Close all programs, and copy the current Scrivener projects from wherever they are saved to the DropBox folder called Apps/Scrivener. The DropBox folder should now look like this.
Now open an existing project in Scrivener on the computer by finding it in the DropBox folder. Find the Tools > Options menu which looks like this. In the GENERAL pane, set your Scratchpad and Notes location to your DropBox folder at Apps/Scrivener/Scratchpad as shown.
Now, jump down to the BACKUP pane. Change your backup location to your Amazon Drive Scrivener/Backup folder as shown.
Repeat the above Scrivener software steps on all the desktop or laptop computers where you’ll be writing. Make sure Scrivener‘s options are pointing toward the appropriate DropBox and Amazon Drive folders on each device. I have Scrivener installed at my office and on my home laptop.
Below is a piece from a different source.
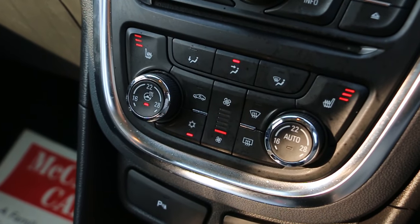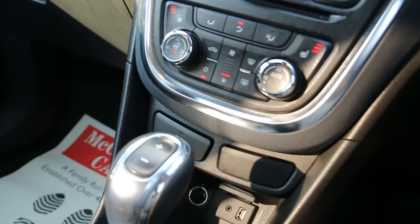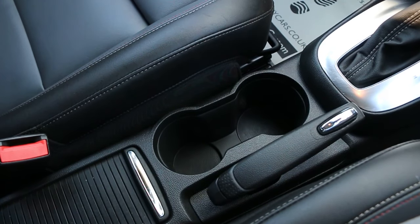It features two-zone climate control, air conditioning, heated seats, and a heated steering wheel. There's also a USB and AUX connection, automatic transmission, and two central cup holders.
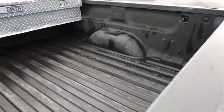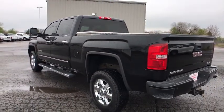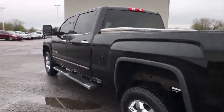Universal garage door opener. Center armrest. Security system. CD player. Electronic stability control. Power windows. Rear window defroster. Fog lights. Bucket seats.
I am the sole user, and multiple installs are allowed and encouraged by Scrivener‘s licensing agreement. As I work on each device – closing and saving when complete – my work will sync with my cloud drives.
Close all programs. We are done with the computer settings. It’s now time to talk about writing on-the-go with an iPhone or iPad. Locate the Scrivener App for iOS. Purchase and install.
The app will ask for DropBox credentials on first open. Add them and sync. This may take a while if there are many projects. When complete, the app will look like this. All the projects in the DropBox folder appear in the app.
Clicking on any project leads to the familiar Scrivener App version of the Binder. Follow the manuscript path to access the editor. If the text is too small to work with – tired eyes! – pinch zoom. All of changes will be saved.
When done writing on iPhone or iPad, return to the main screen in Scrivener App. Click on the sync button immediately to the left of Scrivener in the title bar. The next time a project is opened on the computer, all the changes made on iPhone will be there.
I’ve done it all: index cards, cork boards, journals, spreadsheets, google docs, etc. All of these organization, outlining, and writing tools are great. But they aren’t as great as Scrivener. In addition to doing all these things on steroids and in one place, Scrivener allows me to stop worrying about juggling details and focus on my writing. And using the desktop software with the iOS app, I can write anywhere and everywhere. Give it a try!